# WORK INSTRUCTIONS
Set out exactly, line by line, the stretch of data below that begins at the line containing "Ford Mustang Mach-E" and ends at the line containing "1443 Windwillow Trace, Hamilton", with both ends kept.

# PROVIDED DATA
=======
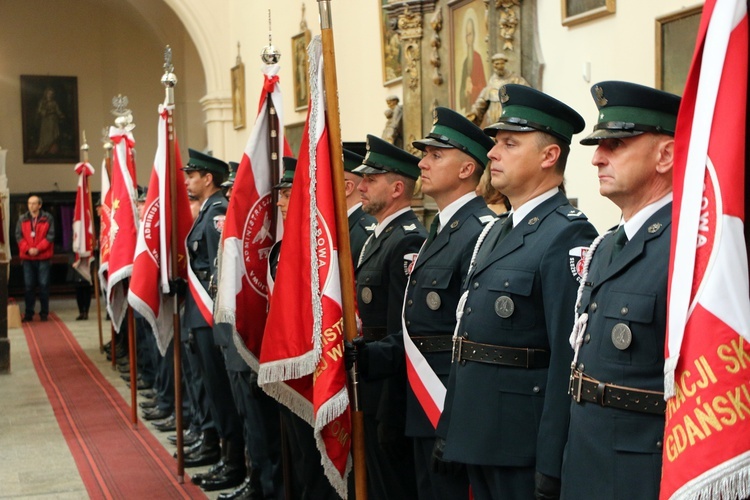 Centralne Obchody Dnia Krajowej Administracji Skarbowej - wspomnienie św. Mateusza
=======
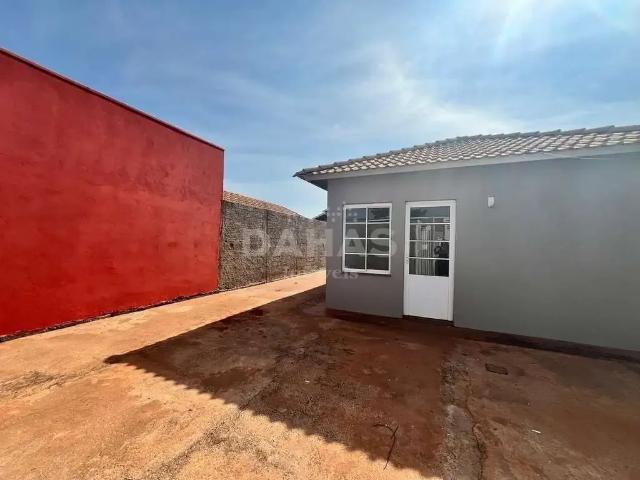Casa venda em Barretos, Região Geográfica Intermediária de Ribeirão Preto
=======
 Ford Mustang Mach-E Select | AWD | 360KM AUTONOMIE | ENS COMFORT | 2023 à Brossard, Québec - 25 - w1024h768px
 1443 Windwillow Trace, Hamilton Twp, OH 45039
=======
# WRITTEN ANSWER
 Ford Mustang Mach-E Select | AWD | 360KM AUTONOMIE | ENS COMFORT | 2023 à Brossard, Québec - 25 - w1024h768px
 1443 Windwillow Trace, Hamilton Twp, OH 45039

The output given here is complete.